For each metric, the bolded value indicates the best performing classifier.

Ablation experiment

To analyze the contribution of each part of our model, we cumulatively removed components and evaluated the total performance on 3 test sets in Table 3. The w/o multichannel (random) method utilized randomly initialized word embedding. The w/o multichannel (Wikipedia and PubMed) method utilized 1-channel pretrained word embedding, and its F1-score is 0.0874 higher on average than the w/o multichannel (random) model. Compared with the 1-channel model, the PACNN+RL model improved the overall F1-scores by 0.0708 on average. The filter attention mechanism is removed from the w/o filter attention method and a simple combination of the feature vectors through different filters is used, resulting in a sharp drop on performance. The preprocessing step can reduce the potentially misleading examples and improve the F1-scores by 0.0584 on average. Another aspect to note is that w/o RL behaves worse than the proposed model, which proves the effectiveness of the RL agent. In conclusion, the multichannel architecture can improve the performance of PACNN+RL by a large margin. In addition, model performance can be further improved by the filter attention, preprocessing, and RL.

Table 3.

Performances of model with and without different components

Method may-prevent
may-treat
DDI corpus, 2011
Precision Recall F1 score Precision Recall F1 score Precision Recall F1 score
Without multichannel (random) 0.3571 0.3623 0.3597 0.4960 0.7310 0.5910 0.3534 0.1245 0.1841
Without multichannel (Wikipedia and PubMed) 0.3991 0.6304 0.4888 0.4945 0.7953 0.6099 0.2241 0.4464 0.2984
Without filter attention 0.4055 0.6376 0.4957 0.4937 0.9122 0.6407 0.2552 0.6371 a 0.3644
Without preprocessing 0.4142 0.7985 0.5455 0.4842 0.9768 a 0.6475 0.1522 0.5828 0.2414
Without RL 0.4182 a 0.7970 0.5486 0.4954 0.9473 0.6506 0.3434 0.4053 0.3718
PACNN+RL (Ours) 0.4155 0.8550 a 0.5592 a 0.6666 a 0.6666 0.6666 a 0.7320 a 0.2601 0.3838 a

DDI: drug-drug interaction; PACNN+RL: piecewise attentive convolutional neural network and reinforcement learning; RL: reinforcement learning.

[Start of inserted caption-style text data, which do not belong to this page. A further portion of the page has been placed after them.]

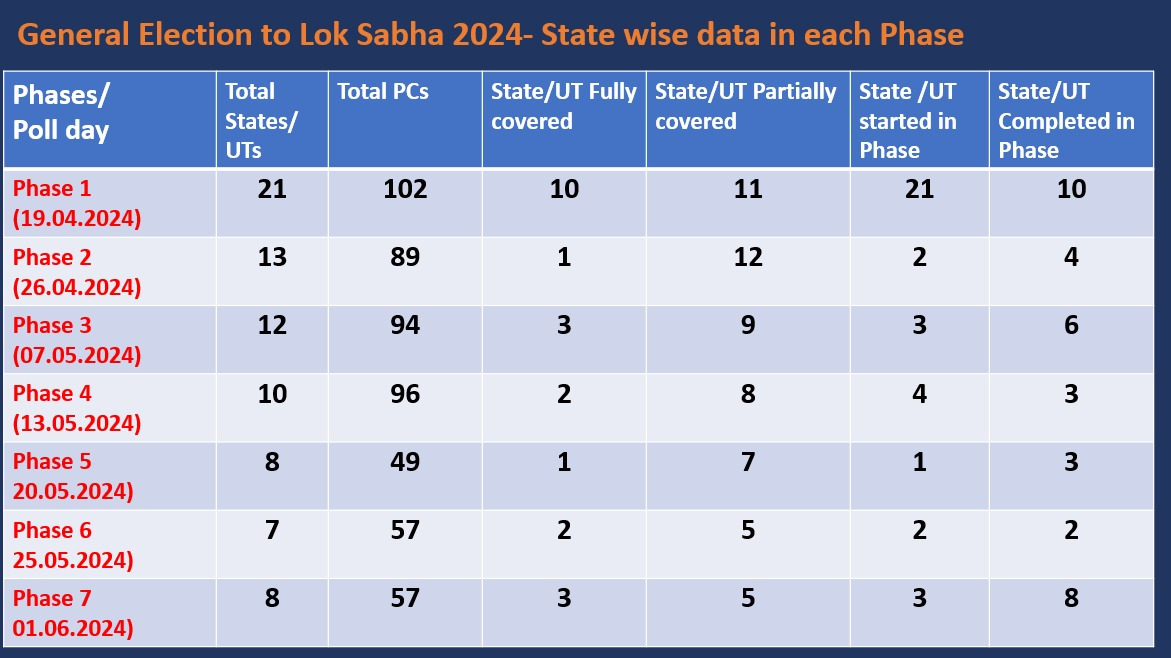 Andhra Pradesh and Lok Sabha Elections 2024 Schedule - Sakshi11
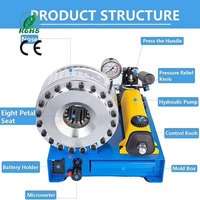 Machine à sertir les flexibles hydrauliques manuelle 10-31 mm 35 MPa, sertisseuse portable 24 kg pour flexibles de haute pression CE
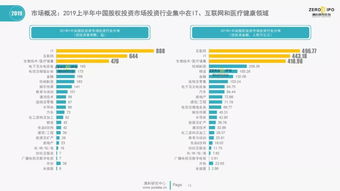 如何更稳健的配置私募股权产品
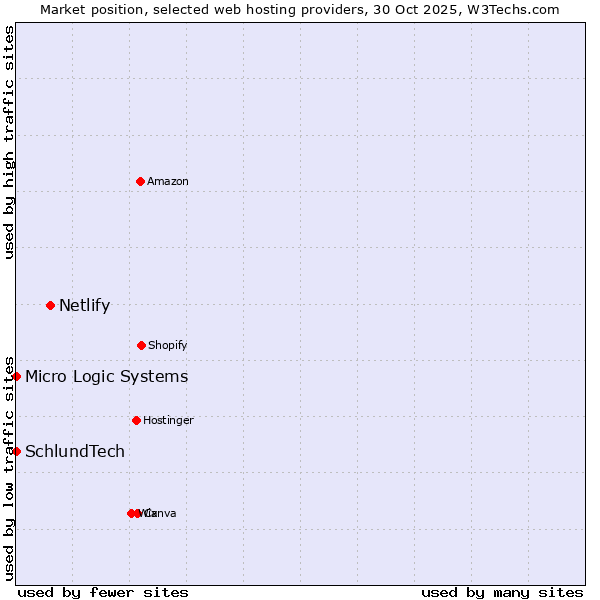 Market position of Netlify vs. SchlundTech vs. Micro Logic Systems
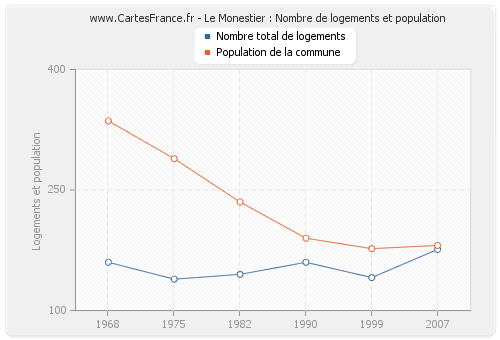 Le Monestier : Nombre de logements et population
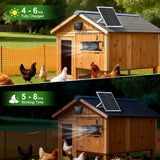 Solar-Powered Chicken Coop Exhaust Fan with Battery & Smart Sensing – 25W Solar Panel, 2 * 4.7" Fans, 3 Modes, IP65 Waterproof | Ideal for Chicken Coop, Dog House, Greenhouse, Outside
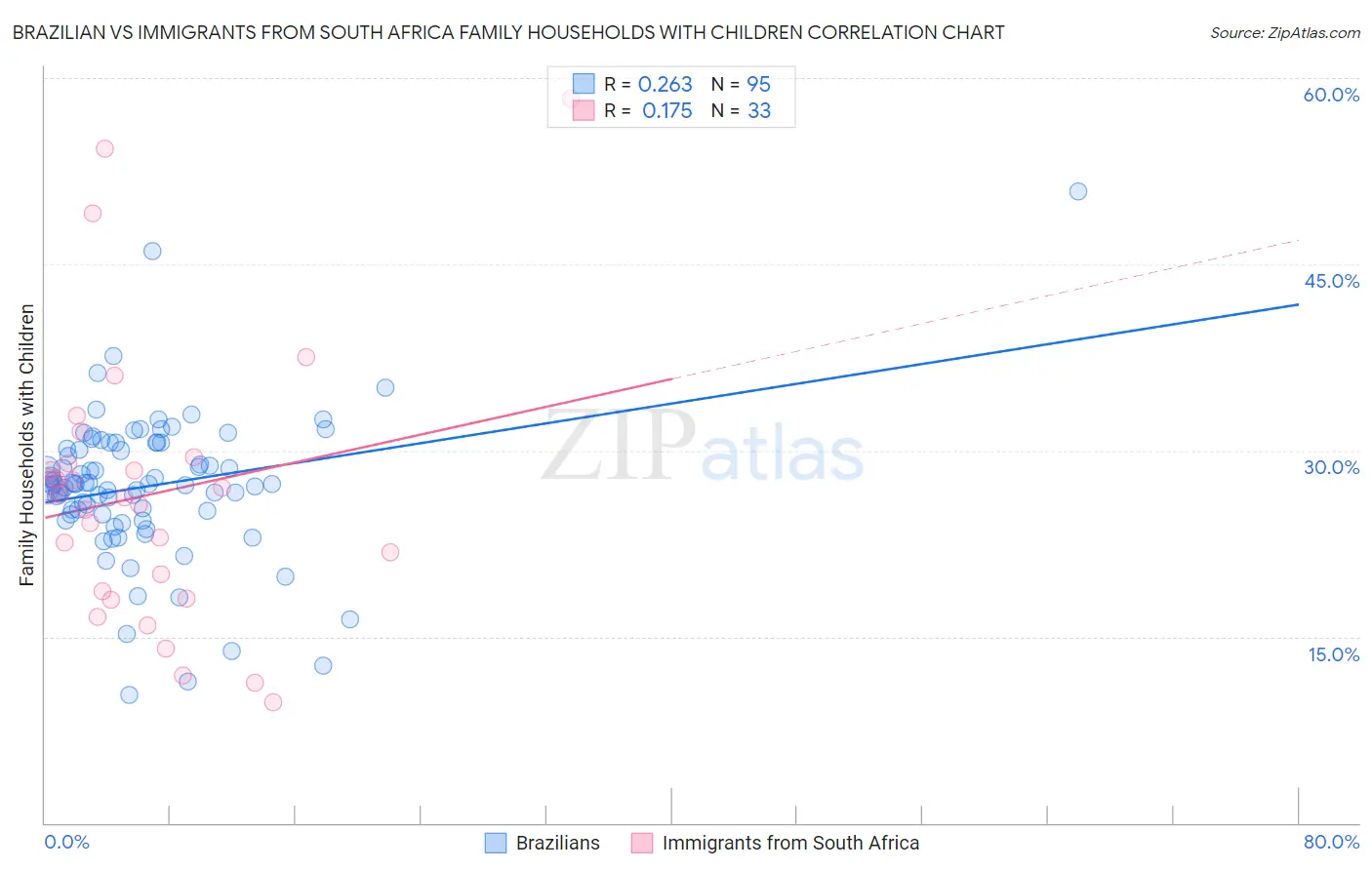 Brazilian vs Immigrants from South Africa Family Households with Children
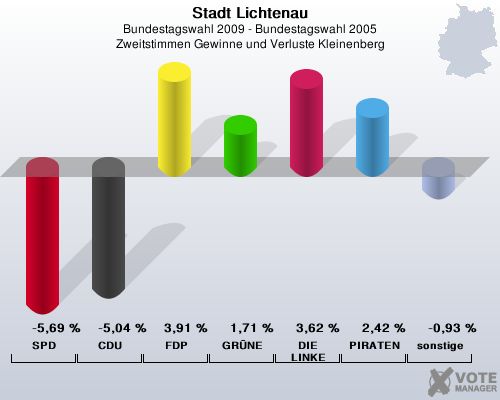Stadt Lichtenau, Bundestagswahl 2009 - Bundestagswahl 2005, Zweitstimmen Gewinne und Verluste Kleinenberg: SPD: -5,69 %. CDU: -5,04 %. FDP: 3,91 %. GRNE: 1,71 %. DIE LINKE: 3,62 %. PIRATEN: 2,42 %. sonstige: -0,93 %.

aFor each metric, the bolded value indicates the best performing classifier.

The impact of the RL denoising module

To illustrate the effectiveness of the RL denoising module, we listed 1 newly generated negative bag that comprises single/multiple sentence(s) for each task in Table 4. We can infer from Table 4 that the entity pair DRUG(“vorapaxar”)-DISEASE(“stroke”) is found to have relationship may-prevent in UMLS. Therefore, the right 2 sentences are labeled as positive instances. However, neither of these sentences expressed the may-prevent relation. In addition, patients with a history of DISEASE(“stroke”) should not take the DRUG(“vorapaxar”) under certain circumstances. It clearly indicates that our model can select FP instances from positive bags, which further improves the accuracy of a relation classifier. These cases intuitively illustrate the ability of our model to denoise distantly generated labels.

Table 4.

Examples of contrastive negative bags generated by RL agent; the target entities are in italic

Relation False positive sentences
may-prevent (i) In this study, vorapaxar was discontinued in patients with a history of stroke due to excessive risk for intracranial hemorrhage after 2 years of therapy.
(ii) Vorapaxar should not be used in patients with a history of stroke, transient ischemic attack, intracranial hemorrhage, or active pathological bleeding.
may-treat (i) L-5418 may prove useful for grand mal epilepsy as it is less toxic than diphenylhydantoin and carbamazepine.
DDI (i) One group of 33 patients was treated with 150 mg amitriptyline a day (the AMI group); 25 other patients received a daily dose of thioridazine, either 200 mg (200-THD group; n = 7) or 400 mg (400-THD group; n = 18).
PPI (i) High articular levels of the angiogenetic factors VEGF and VEGF-receptor 2 as tissue healing biomarkers after single bundle anterior cruciate ligament reconstruction.
(ii) Immunostaining was used to monitor VEGF treatment by examining VEGF and VEGF-receptor 2 expression.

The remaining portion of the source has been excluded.